*WHAT IS BEING ASKED:* Your answer must be the exact lines of the listing below that run from the line with "Okay, so this" to the line with "When you start", ends included, and no pictures.

*DATA LISTING:*

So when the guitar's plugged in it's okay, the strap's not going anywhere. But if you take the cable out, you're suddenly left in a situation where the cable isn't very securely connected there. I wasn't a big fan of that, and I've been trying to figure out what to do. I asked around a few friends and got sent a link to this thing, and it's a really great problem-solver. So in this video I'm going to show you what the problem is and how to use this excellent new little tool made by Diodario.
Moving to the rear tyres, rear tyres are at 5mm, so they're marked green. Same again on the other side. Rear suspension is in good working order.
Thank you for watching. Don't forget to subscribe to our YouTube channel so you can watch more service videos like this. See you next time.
* * *
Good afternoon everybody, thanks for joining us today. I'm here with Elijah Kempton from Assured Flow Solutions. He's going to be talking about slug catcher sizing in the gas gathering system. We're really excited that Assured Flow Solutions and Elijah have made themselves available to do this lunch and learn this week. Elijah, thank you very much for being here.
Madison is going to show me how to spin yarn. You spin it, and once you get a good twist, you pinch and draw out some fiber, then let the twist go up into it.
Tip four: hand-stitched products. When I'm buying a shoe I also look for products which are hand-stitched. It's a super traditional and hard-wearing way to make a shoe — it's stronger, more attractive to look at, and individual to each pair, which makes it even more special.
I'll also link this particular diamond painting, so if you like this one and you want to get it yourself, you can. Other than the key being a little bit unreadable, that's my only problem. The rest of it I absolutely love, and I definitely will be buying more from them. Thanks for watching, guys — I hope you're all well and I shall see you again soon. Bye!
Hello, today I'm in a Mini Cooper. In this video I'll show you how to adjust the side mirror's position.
* * *
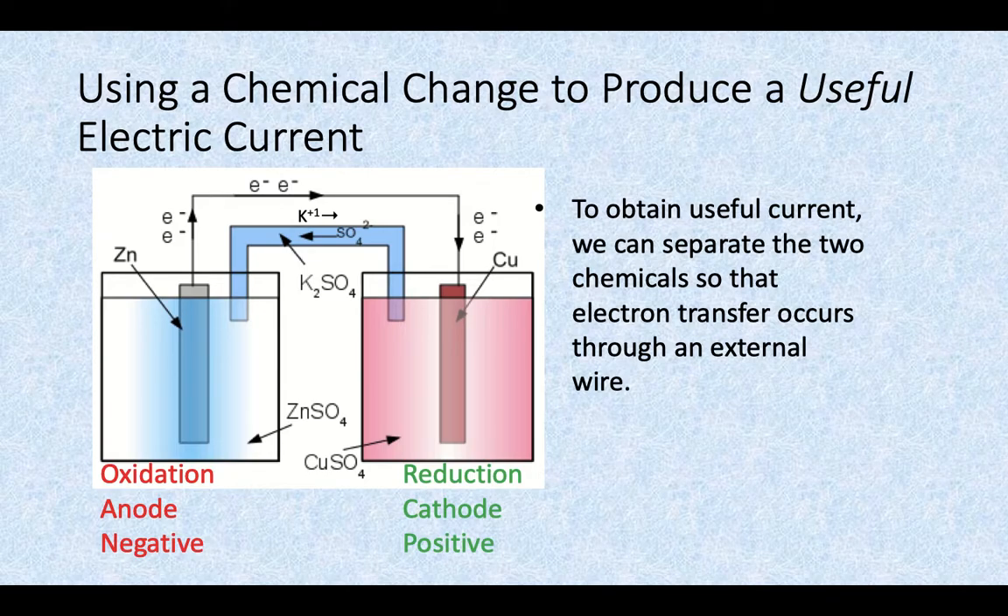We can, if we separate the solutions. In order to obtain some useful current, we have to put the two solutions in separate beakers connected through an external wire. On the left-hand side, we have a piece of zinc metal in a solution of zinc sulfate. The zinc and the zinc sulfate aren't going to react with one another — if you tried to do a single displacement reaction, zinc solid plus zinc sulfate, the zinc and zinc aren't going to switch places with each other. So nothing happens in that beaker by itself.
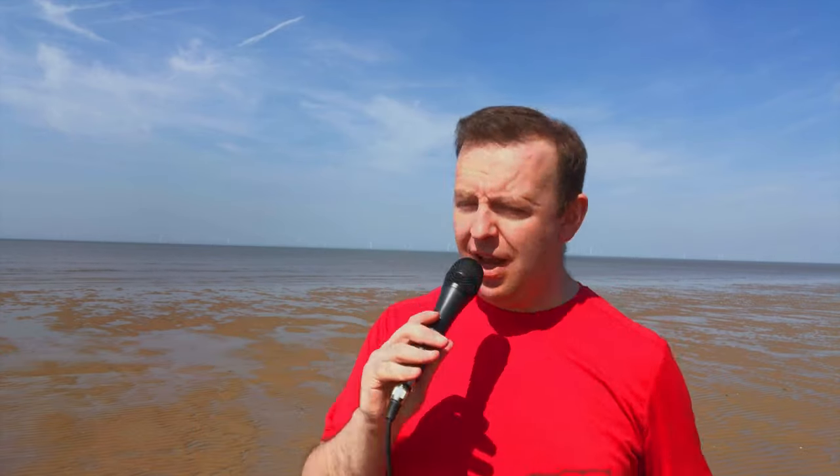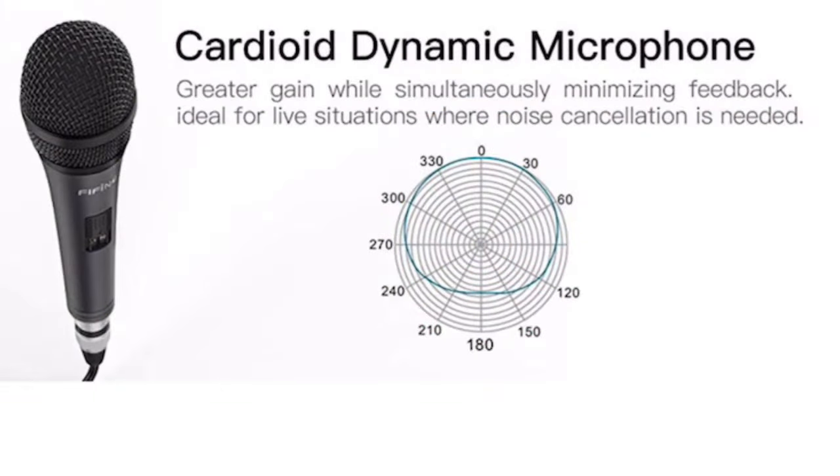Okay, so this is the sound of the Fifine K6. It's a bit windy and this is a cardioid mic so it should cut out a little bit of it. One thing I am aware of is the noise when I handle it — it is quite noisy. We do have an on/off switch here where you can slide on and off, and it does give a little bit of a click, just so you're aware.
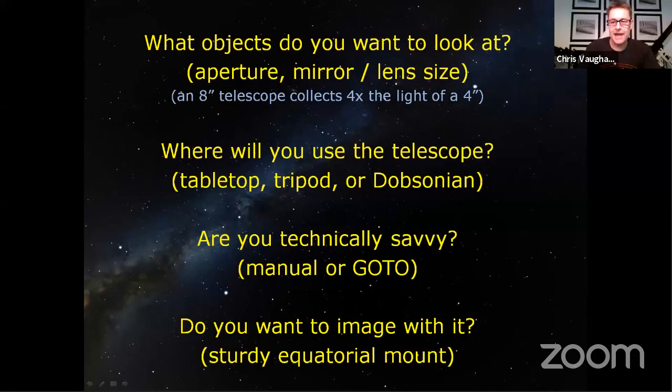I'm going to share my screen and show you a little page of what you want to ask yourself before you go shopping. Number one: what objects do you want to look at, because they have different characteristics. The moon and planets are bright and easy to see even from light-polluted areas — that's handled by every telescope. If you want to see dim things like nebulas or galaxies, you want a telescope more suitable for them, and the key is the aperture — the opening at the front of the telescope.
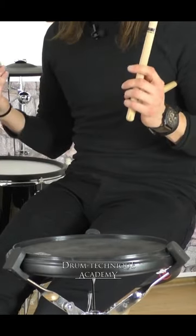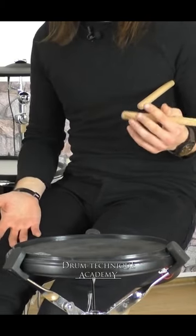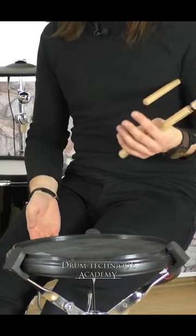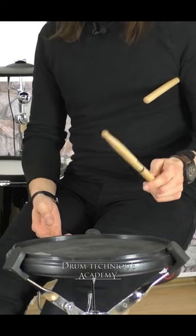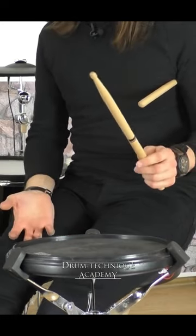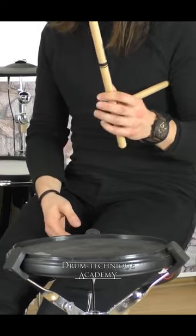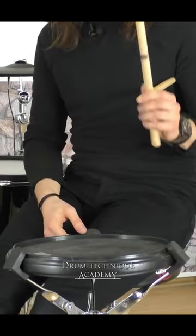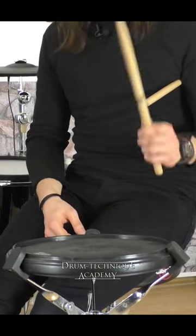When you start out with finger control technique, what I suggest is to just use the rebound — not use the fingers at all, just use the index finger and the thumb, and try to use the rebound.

*WRITTEN RESPONSE:*
Okay, so this is the sound of the Fifine K6. It's a bit windy and this is a cardioid mic so it should cut out a little bit of it. One thing I am aware of is the noise when I handle it — it is quite noisy. We do have an on/off switch here where you can slide on and off, and it does give a little bit of a click, just so you're aware.
I'm going to share my screen and show you a little page of what you want to ask yourself before you go shopping. Number one: what objects do you want to look at, because they have different characteristics. The moon and planets are bright and easy to see even from light-polluted areas — that's handled by every telescope. If you want to see dim things like nebulas or galaxies, you want a telescope more suitable for them, and the key is the aperture — the opening at the front of the telescope.
When you start out with finger control technique, what I suggest is to just use the rebound — not use the fingers at all, just use the index finger and the thumb, and try to use the rebound.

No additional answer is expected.